Recovering stolen assets

  • Editorial Board

    The Jakarta Post

Jakarta   /   Thu, February 7, 2019   /   08:33 am
Recovering stolen assets MLA could also apply to corruption, money laundering, tax evasion and illegal monetary gains committed over the last four decades. (Shutterstock/File)

Indonesia, perceived to be one of the most corrupt countries in the world, and Switzerland, previously known for having one of the strongest banking secrecy policies and as a safe haven for ill-gotten gains, signed early this week a mutual legal assistance agreement (MLA) on tracing and recovering stolen assets.

Yet more significant for Indonesia, which was ruled for more than 30 years by a corrupt authoritarian government until 1998, is that the agreement is retroactive. This means that the MLA could also apply to corruption, money laundering, tax evasion and illegal monetary gains committed over the last four decades.

The government deserves high commendation for concluding the MLA, given the strong commitment of the Swiss government to protecting the secrecy and integrity of its financial services industry in maintaining its status as one of the world’s largest financial centers.

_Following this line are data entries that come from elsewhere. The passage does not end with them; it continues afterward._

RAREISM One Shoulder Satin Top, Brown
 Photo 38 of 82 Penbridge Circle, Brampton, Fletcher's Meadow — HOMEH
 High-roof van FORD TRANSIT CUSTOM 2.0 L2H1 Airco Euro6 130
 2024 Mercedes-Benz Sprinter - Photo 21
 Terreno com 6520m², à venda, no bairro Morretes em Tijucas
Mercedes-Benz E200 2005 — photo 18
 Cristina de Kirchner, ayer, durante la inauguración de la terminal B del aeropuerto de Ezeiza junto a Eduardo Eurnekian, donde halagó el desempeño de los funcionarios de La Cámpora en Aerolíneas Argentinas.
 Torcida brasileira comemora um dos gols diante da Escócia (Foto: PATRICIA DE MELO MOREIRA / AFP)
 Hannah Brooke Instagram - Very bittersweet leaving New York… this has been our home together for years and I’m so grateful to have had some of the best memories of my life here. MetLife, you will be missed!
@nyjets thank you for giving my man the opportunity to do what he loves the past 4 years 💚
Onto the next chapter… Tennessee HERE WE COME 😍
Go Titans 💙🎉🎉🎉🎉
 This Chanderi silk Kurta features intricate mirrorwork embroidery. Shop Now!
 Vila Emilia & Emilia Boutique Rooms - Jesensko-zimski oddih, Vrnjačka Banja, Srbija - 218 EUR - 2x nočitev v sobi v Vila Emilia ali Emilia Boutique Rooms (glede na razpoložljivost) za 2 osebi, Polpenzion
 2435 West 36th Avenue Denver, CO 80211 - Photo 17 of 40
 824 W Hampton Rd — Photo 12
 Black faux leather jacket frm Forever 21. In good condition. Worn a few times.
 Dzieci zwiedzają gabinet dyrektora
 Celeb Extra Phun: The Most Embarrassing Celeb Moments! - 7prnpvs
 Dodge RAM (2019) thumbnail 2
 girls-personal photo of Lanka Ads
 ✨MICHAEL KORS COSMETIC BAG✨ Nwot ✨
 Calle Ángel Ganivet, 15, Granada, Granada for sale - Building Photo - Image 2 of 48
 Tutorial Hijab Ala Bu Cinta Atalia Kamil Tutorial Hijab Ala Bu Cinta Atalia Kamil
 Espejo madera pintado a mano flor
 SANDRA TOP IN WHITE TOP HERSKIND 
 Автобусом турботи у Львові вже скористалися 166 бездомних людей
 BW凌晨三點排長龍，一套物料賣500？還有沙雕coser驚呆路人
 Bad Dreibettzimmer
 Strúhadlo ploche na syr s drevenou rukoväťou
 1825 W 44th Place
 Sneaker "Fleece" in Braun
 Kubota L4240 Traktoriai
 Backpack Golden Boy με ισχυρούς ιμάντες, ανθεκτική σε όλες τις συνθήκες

The MLA — which simplifies and accelerates procedures for tracing stolen assets, particularly by reducing formal requirements — is truly a strategic partnership between a developed country and a developing country. And while developing countries need to improve governance and accountability to curb corruption, developed nations should stop providing a safe haven for stolen proceeds.

The MLA will imbue the government with the authority to pursue unlawful money gained primarily through corruption, money laundering, tax evasion and other financial crimes. This does not, however, mean that the government can immediately ask Swiss authorities for information on the financial assets of Indonesian citizens at Swiss financial institutions.

The first — and perhaps the biggest — challenge for the government is for the MLA to be ratified by the House of Representatives, which is perceived as one of the most corrupt institutions in the country. 

Given the presidential and legislative elections in April, we don’t believe that the House members, 80 percent of who are seeking reelection, will have the time to deliberate the MLA before its new lawmakers are installed in October.

The second challenge is that only corruption, money laundering and tax evasion cases that have been tried and handed final and binding court rulings are eligible under the MLA.

Since such cases involve very complex transactions that may require more than two years to prosecute from the district court up to the Supreme Court, Indonesia may need technical assistance from the Stolen Asset Recovery Initiative (StAR) to build the institutional capacity of its legal institutions.

StAR is a program that the World Bank and United Nations Office on Drugs and Crime launched in 2007 to help developing countries recover assets stolen by corrupt leaders and officials.

Despite the challenges, the MLA is nevertheless a big boost in the drive against corruption and a deterrent to those intending to hide their criminal gains in Switzerland.